The veteran nutritionist, Rex Newnham (best known for recognising that boron deficiency can cause arthritis) has suggested in one of his regular newsletters that the tiny globules of fat in homo-genised milk cannot be digested and are absorbed directly from the intestine into the blood. As these globules contain an enzyme called zanthene oxidase he has suggested that they damage the surface of blood vessels in a way which facilitates cholesterol deposition.

He has also pointed out that although a large goat and a human have similar weights the former can synthesise 5-6 grams of vitamin C a day from glucose while humans are unable to synthesise any. There is evidence that a supplement of vitamin C can prevent the deposition of cholesterol within arteries and prevent strokes and heart attacks.

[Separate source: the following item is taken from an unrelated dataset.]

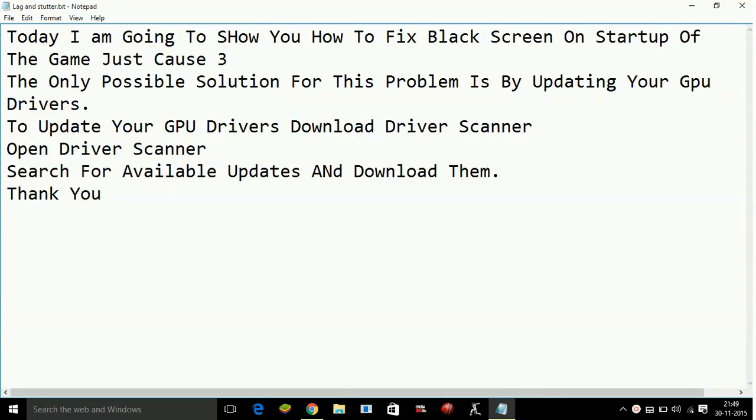Hello everyone, today I am going to show you how to fix black screen on startup of the game Just Cause 3.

When children are unable to digest milk and other foods properly I believe it to be essential for their selenium status to be determined. It is also desirable for their milk to come from a source where neither the cows nor the milk itself have been subjected to industrial management practices.

Note 1.
Selenium is an essential element for humans. The COMA has recommended RNIs of 0.06mg/day in women an 0.075mg/day in men. Concerns have been raised that intakes of selenium in the UK are falling. Estimates for population dietary exposures of 0.063 mg/day and 0.06 mg/day were recorded in 1985; 0.043mg/day in 1994 and 0.039mg/ day in the 1995. Dietary exposures for the UK population have also been estimated in other studies at 0.06mg/day (1974) and 0.034mg/day (1993/ 94).These figures are averages so that some people must have very low intakes. It appears that there has not been a further decline in selenium intakes since 1995.
Note 2.
ATP stands for adenasine triphasphate. It is a compound that provides the energy for many of the anabolic reactions which take place in our bodies. It does this by releasing energy when it is degraded to adenosine diphosphate. The carbohydrates, fats and proteins in our food that are surplus to maintenance requirements are usually broken down in a complex process to
produce ATP and carbon dioxide. When this process fails, people either become obese or diabetic or both. The rate at which ATP is generated is carefully regulated, the usual rate being largely
controlled by the supply of thyroxine from the thyroid gland.